§ Supplied records:
====

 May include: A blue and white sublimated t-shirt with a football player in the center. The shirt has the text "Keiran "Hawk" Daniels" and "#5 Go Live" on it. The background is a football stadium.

====

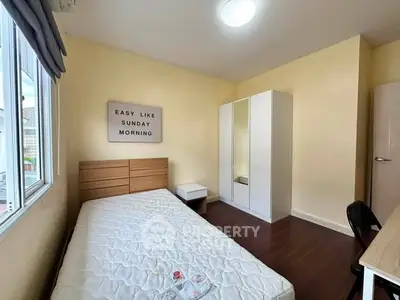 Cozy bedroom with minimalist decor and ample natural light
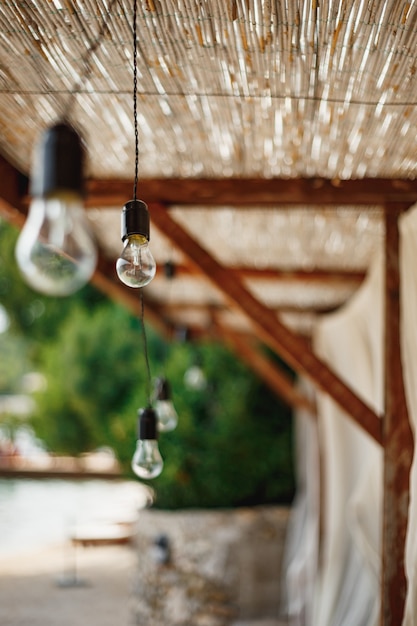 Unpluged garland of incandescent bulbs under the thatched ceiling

====

§ Prompt:
Write out the lines above from the one with "Cozy bedroom with" through the one with "Unpluged garland of", ends included, exactly; no picture goes in.

§ Output of the task:
 Cozy bedroom with minimalist decor and ample natural light
 Unpluged garland of incandescent bulbs under the thatched ceiling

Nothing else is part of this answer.